Has anybody tried this or anything similar for a leaky barn/stable/shelter roof?

Roofite® - Watco waterproofing roof repair compound

My field shelter has been pretty shoddy from the start (workmen who made it just wanted good money for crap basically but it's all I could afford really)

It leaks in heavy rain, and despite my efforts to felt, underlay and felt, it still leaks something terrible when it rains (and in England, it does that A LOT!)

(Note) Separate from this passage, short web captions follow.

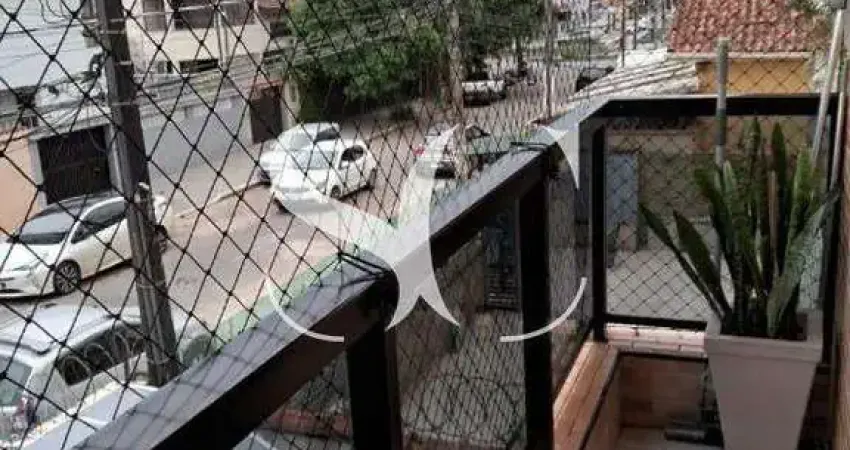 Vende-se sobrado triplex no bairro de Vila Valença na cidade de São Vicente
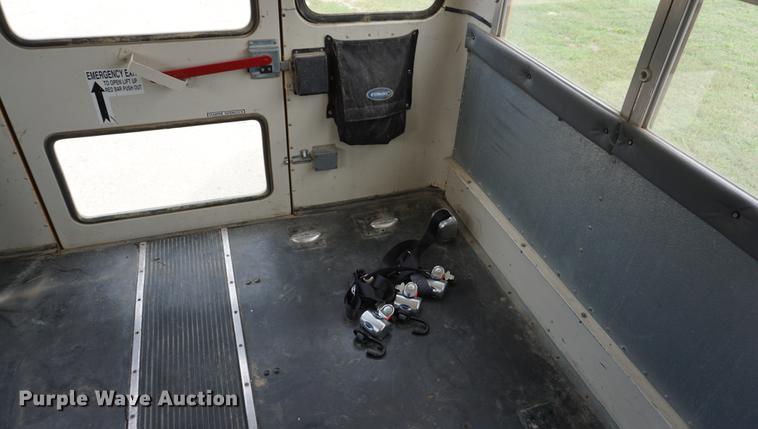 image for item DD6585 1999 International 3800 school bus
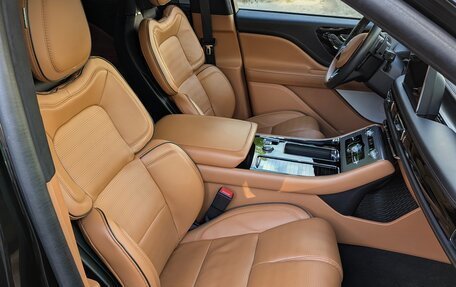 Lincoln Aviator II, 2022 год, 6 400 000 рублей, 10 фотография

There's not obvious hole or reason for the leak, just rubbish wood basically, and I was wondering if anyone had tried the above product or similar. Sounds fantastic, and my Step-Dad thinks so too (he's a joiner and conservatory fitter, so does have some knowledge, not just saying "Sounds good" and had no clue!)

Thanks in advance
Holly


----------



## Saddlebag (Jan 17, 2011)

We have a similar product, different name and yes it works good if you apply it as directed. My metal barn roof has a screw sized hole and a small blob of that stuff is still holding after 10 years. It has endured wicked heat as metal roofs do and -35 winter temps. That product seems to be paintable, ours is thicker.


----------



## HollyLolly (Dec 25, 2009)

Brilliant, thanks Saddlebag, definitely picking some up, as it's pouring and my poor ponies have a damp shelter now :-(
Thanks for your help


----------